=== Activity ===
Lower down are entries containing pictures. Copy exactly, without those pictures, the lines from the line with "太太乐鸡粉调味料1800g煲汤炒菜蒸菜调味厨房增鲜调料" through the line with "活动装饰品气球店铺店庆门口布置场景创意门店店面开业汽球 新店开业".

=== Material shown ===
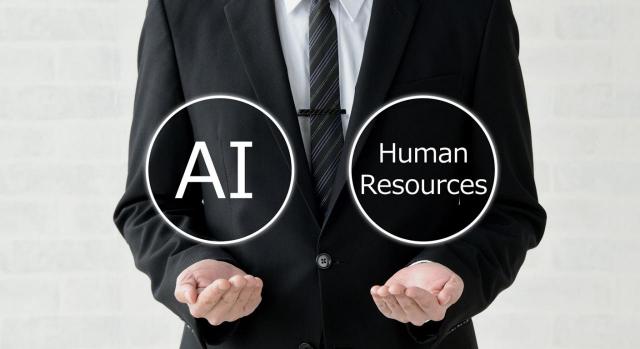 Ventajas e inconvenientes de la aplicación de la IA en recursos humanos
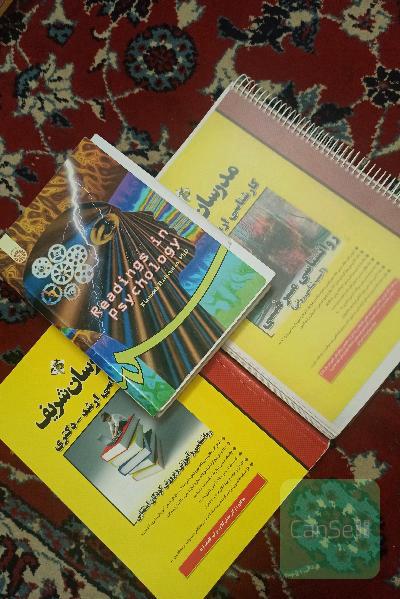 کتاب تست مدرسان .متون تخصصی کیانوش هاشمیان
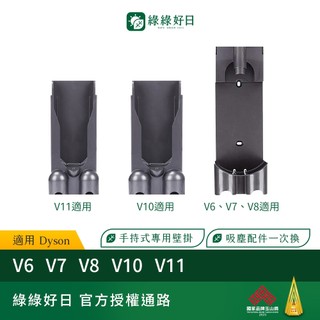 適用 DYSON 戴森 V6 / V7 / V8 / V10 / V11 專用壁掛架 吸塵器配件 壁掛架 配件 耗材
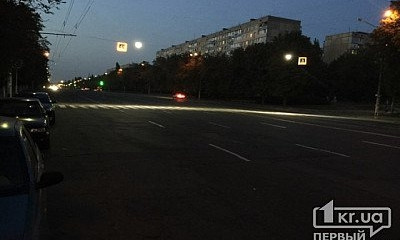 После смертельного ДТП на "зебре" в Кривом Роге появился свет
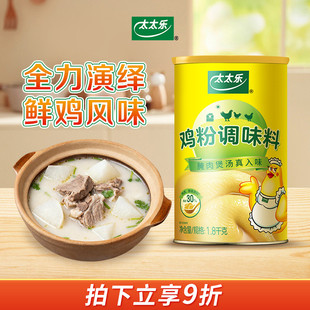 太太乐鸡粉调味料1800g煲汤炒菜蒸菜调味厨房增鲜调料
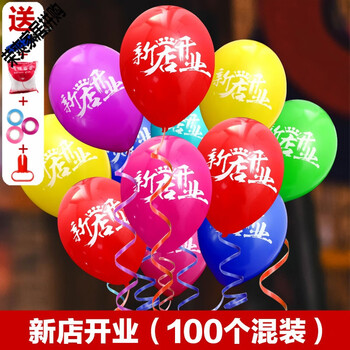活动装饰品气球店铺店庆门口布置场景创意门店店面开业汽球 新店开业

...

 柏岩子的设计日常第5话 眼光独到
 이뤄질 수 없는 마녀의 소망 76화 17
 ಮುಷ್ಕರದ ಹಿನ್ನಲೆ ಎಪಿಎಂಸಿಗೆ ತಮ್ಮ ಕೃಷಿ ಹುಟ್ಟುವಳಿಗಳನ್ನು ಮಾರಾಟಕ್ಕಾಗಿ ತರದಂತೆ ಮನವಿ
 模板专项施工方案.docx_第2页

* * *

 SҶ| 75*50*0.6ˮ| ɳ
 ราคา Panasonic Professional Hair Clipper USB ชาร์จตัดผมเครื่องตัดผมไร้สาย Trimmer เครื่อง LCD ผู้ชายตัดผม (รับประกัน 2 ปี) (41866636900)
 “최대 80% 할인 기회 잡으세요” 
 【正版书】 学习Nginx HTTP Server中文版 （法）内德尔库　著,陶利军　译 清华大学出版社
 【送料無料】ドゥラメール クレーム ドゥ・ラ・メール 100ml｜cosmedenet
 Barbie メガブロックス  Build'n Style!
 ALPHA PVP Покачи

=== Task answer ===
 太太乐鸡粉调味料1800g煲汤炒菜蒸菜调味厨房增鲜调料
活动装饰品气球店铺店庆门口布置场景创意门店店面开业汽球 新店开业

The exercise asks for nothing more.